* _Problem to work on_
Aim for an exact copy of the listing, without any images.

* _Data excerpt_
────

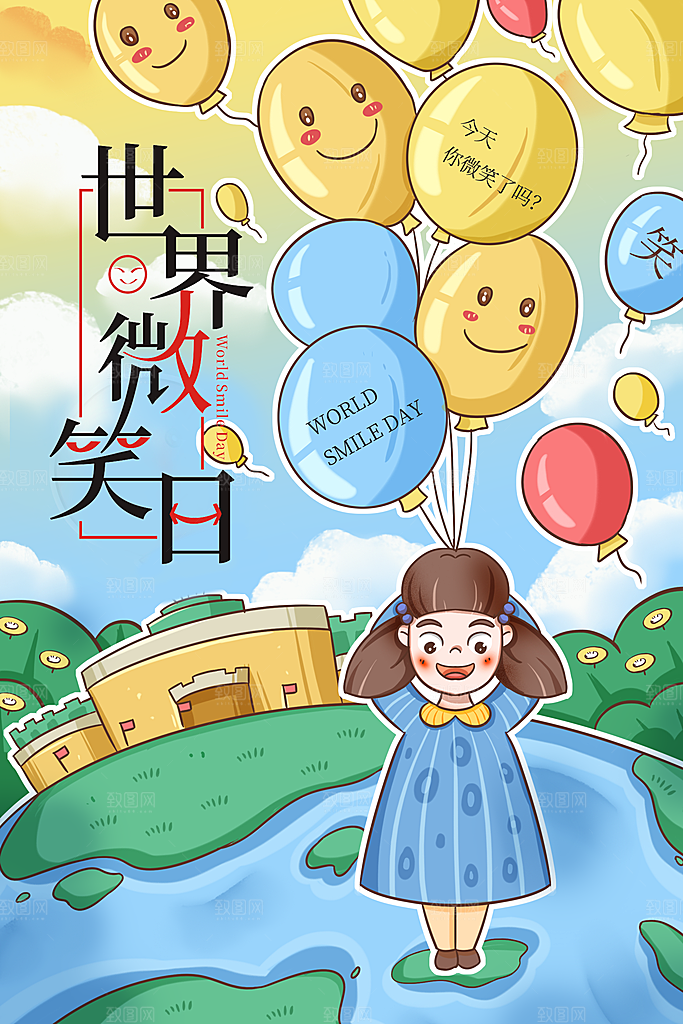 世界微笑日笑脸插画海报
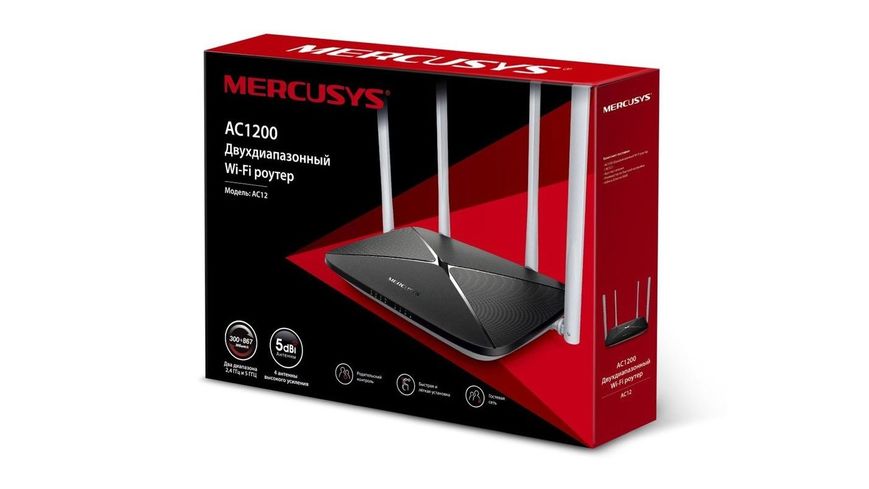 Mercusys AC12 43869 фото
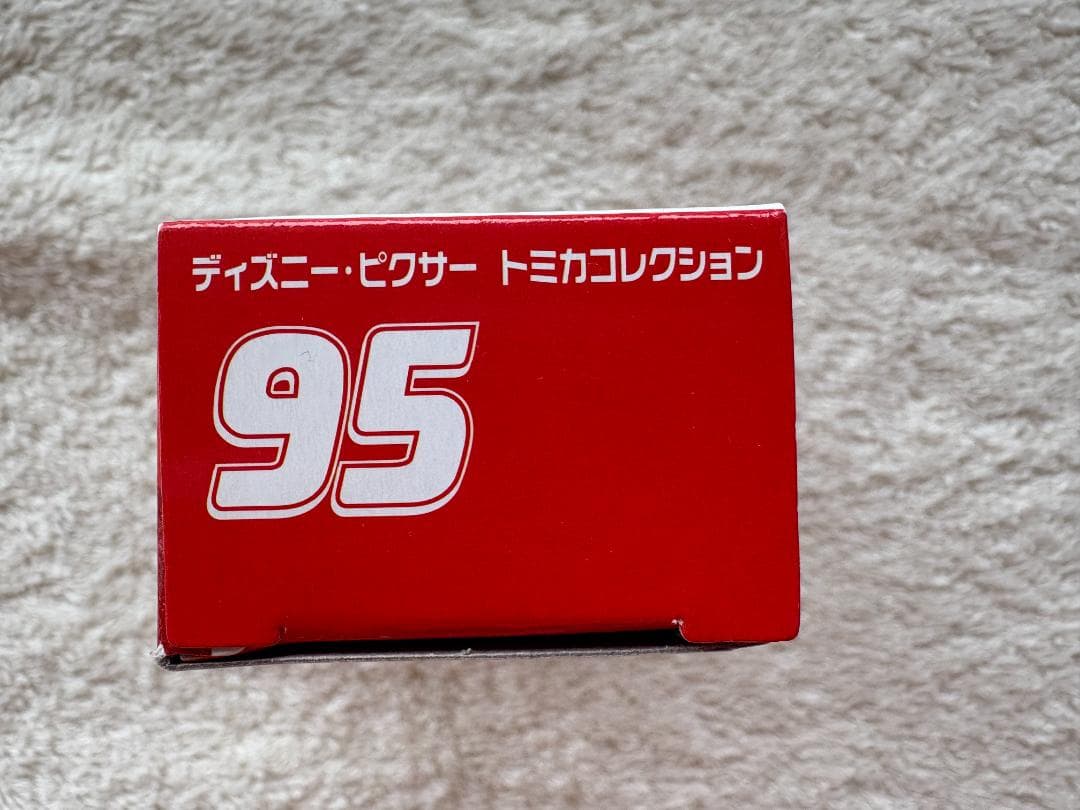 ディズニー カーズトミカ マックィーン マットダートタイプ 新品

────

* _Reply to the task_
 世界微笑日笑脸插画海报
 Mercusys AC12 43869 фото
 ディズニー カーズトミカ マックィーン マットダートタイプ 新品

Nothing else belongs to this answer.